I've been putting this off for so long, because, well, I'm a lazy ass. For some time I've viewed a diary or a journal (to make it sound a bit mature), is well, premature. However, I've come to realize, with so much going on in my life, and all the constant changes, that sometimes, I feel lost. And when I do, I find myself looking back... all the stuff I've written, all the adventures I've taken. I read all of it, and I realize... I am vulnerable. I have doubts, anger, insecurities that makes me one of them. I am ordinary, normal, and human. No matter where I go, what I wear, what I feel, and what I want to become, I will always be this girl... writing down her feelings.
And so my dear friends, I didn't create this blog to entertain anyone. I made it so ten years down the road, I can read it all the same... and see where I started. It is the modern photo album passed down from generations to the other.
Everytime I start a post over this blog, I always have a distinct feeling. If was angry, I'd write an angry post. If I was sad, I'd write a sad post. But today, I actually feel indifferent, as I've felt everyday for the past months. I don't know if that's okay, or should I be worried, but here lies my indistinct thoughts. After all, it is where I am at the moment. Down in between, down at the bridge, found crossing the wall to the future.
A few weeks ago, I travelled to Malaysia, Thailand, and Singapore. I went there with my parents, and of course my little brother. It's been a while since I travelled out of the country. And it's amazing how travelling makes you feel alive. It makes you feel dead before and after too. Also, because it becomes the happiest point of the year, you feel the rest of the days bombed. And so you ask, what is it that I do before and after that makes it all okay going back. Was I excited to go back? No. I wasn't even excited before the sail. I was already stressed out by the amount of work waiting for me when I get back. I was worried that I left something behind, or wasn't able to do something I should have had. My dear friends, I have a great job. I have the greatest workmates.

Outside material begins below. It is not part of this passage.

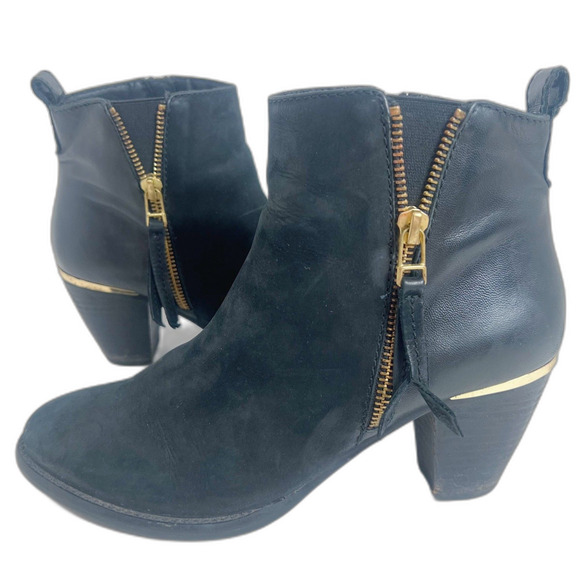 Steve Madden Wantagh Black Leather Suede Booties Ankle Boots Size 9 - Picture 1 of 13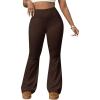 image:imageSOLY HUX Womens High Waisted Flare Pants Elastic Waist Bell Bottom Workout Yoga PantsPure Brown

And as I have mentioned before, I am still in search of something missing. One of my friends told me that dreading to go to work everyday is completely normal. All kinds of job makes you hate work itself but you stay regardless because of the people. Now tell me, am I supposed to believe that was normal? And by normal means living the same for the rest of my life? If that is life indeed then wtf: it is no fun. And for someone to accept such thing as normality is absurd. I believe I am at a temporary state. I am still searching for freedom, and happiness.
And maybe I've tasted a blink of that for a week. Going in to a cruise, I was warned of getting sea sick. There were all sorts of threats and warnings, making me want to back out of the trip. It's very sad that people expect the worse when it's actually VERY FUN. It wasn't uncomfortable at all. In fact, I didn't feel a thing. It was a very smooth ride, and for a while I was detached from the world. Without WiFi or any sort of signal from the ground, I felt very light, non pressured, and genuinely happy. And the week felt like a year. It feels normal. There was no messages from people, no expectations from anyone. No any type of noise, or pollution. There's no bad news, no loveteams breaking up here and there. No new trailers to watch out for. No obligation to upload anything. It was the ultimate vacation.
And I would want to go back.
Celebrity Millenium,
Until the next voyage,
I'll follow suit.
xo
PS I know this isn't at all in any detail. I'm still a lazy ass.